IFF Boston parte 2
Chiudiamo dunque la parentesi che ho aperto la settimana scorsa sull’IFF Boston. Per prima le comunicazioni ufficiali: i vincitori. Per quanto riguarda la narrativa il premio della giuria è andato a Down Terrace: una crime comedy britannica (evidentemente l’humor del paese della nebbia ha una certa presa sui bostoniani). Il pubblico ha invece premiato Winter’s bone che, se non erro, ha raccattato qualcosa anche al Sundance di quest’anno (e ciò è male, per un’infinita serie di ragioni). Versante documentari: per la giuria vince The oath, la storia di due arabi i cui destini si intrecciano da 1996 alla sbarra della corte suprema passando per l’11 Settembre. Per il pubblico il vincitore è stato Family affair, un documentario sulla pedofilia. Infine i corti: la giuria dice Born sweet (Cambogiano), il pubblico God of love la cui sinapsi è interessante: un campione di freccette (!) entra in possesso di alcune freccette magiche in grado di far innamorare le persone.

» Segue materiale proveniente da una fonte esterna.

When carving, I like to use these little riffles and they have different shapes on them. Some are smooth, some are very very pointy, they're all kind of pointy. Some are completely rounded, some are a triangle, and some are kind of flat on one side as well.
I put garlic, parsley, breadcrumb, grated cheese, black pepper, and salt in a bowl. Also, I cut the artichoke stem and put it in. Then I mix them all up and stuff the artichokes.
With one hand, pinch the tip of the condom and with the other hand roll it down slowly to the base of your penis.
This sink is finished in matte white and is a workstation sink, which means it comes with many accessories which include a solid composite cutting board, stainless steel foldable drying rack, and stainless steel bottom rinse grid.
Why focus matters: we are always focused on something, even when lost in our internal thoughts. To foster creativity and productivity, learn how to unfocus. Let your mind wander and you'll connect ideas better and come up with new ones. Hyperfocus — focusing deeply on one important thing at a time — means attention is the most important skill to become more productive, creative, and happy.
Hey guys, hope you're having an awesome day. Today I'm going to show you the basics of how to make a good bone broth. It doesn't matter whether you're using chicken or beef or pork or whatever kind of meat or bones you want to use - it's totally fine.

E questa è cronaca. Veniamo alle opinioni, alle visioni di prima mano. Come anticipato qualche giorno fa, mi sono gustato tre film e ve li presento in ordine di visione.

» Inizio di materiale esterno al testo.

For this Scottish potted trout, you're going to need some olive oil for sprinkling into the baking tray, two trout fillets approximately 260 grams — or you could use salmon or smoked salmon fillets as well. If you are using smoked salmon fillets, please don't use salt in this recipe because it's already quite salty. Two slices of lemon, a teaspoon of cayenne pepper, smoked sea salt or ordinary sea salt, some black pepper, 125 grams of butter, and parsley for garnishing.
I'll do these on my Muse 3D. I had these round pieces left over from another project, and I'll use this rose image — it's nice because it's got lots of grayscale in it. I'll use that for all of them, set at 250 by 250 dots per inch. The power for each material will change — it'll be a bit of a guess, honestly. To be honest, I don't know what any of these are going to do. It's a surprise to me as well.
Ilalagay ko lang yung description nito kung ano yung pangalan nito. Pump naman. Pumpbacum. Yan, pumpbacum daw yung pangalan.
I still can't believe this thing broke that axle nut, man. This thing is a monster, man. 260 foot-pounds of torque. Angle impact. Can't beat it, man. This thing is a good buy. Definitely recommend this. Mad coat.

Il primo è Perrier’s bounty, ed è stato anche quello che ho gradito di più del terzetto. Lo Ian Fitzgibbon alla regia mi era del tutto sconosciuto, ma è stato in grado di confezionare un pulp noir veramente efficace. Siamo lontani dal videoclippismo di Ritchie o dal postmodernismo di Tarantino, ma Fitzgibbon ha il merito di non montarsi troppo la testa. Sa avere le idee giuste per inquadrare una sceneggiatura ben scritta da O’Rowe (Intermission e Boy A). Al resto ci pensa un cast ispiratissimo: dal cattivo Gleeson passando per Byrne, Broadbent e, soprattutto, il Cillian Murphy che sembra capace di trasformare in oro tutte le sue interpretazioni. L’irlandese pulp è arduo da capire senza sottotitoli (a parte “Fock!”, quello è chiarissimo e lo dicono ogni tre parole ), ma assolutamente intraducibile e imperdibile. 4 / 5
Il secondo è Cracks. Ambientato in un collegio femminile britannico degli anni ’30 e interpretato, tra le altre, da Eva green e la gnocchissima Maria Valverde, il film si rivela essere piuttosto scialbo. Protagonista è la voglia di evasione e di essere speciali e libere delle ragazzine in una fase importante della loro crescita. A coltivare questo terreno c’è l’insegnante di educazione fisica, che però sa cogliere anche lo spirito artistico e anarchico della vita. A destabilizzare il tutto arriva il personaggio della Valverde, una ragazza straniera. E da quel momento ciò che era libertà diventa rancore, ciò che era desiderio diventa invidia. Molto simile, in alcuni passaggi di sceneggiatura, a Io sono l’Amore di Guadagnino, Cracks ne condivide i limiti. Il finale è particolarmente brutto, come nel film italiano, ma d’altronde è abbastanza inevitabile ed è quindi proprio l’idea del film da buttare via, per quanto la pellicola sappia regalare i suoi momenti godibili. 2 / 5
Infine ho visto The killer inside me, addirittura preferendo questo film alla pellicola di Solondz. La scelta è assolutamente sbagliata se si pensa alla differenza di caratura tra l’americano e Winterbottom, che è un regista mai capace di andare considerevolmente sopra la sufficienza. Eppure che ci posso fare? A me Winterbottom sta simpatico, e pure tanto. E, parlando di accenti e interpretazioni impossibili da capire all’infuori della lingua originale, non ci si può proprio perdere l’enorme lavoro di Casey Affleck. D’altronde tutto il film è costruito intorno alla figura malata del suo gentiluomo fuori e marcio criminale dentro. Una dicotomia tagliata con la solita accetta “made in Winterbottom”, eppure in grado di catturare ed esplodere in alcuni scatti di cara vecchia ultraviolenza. Come al solito: niente di che, ma assolutamente da vedere. 3 / 5
Aspettiamo tutti con ansia il festival di Settembre.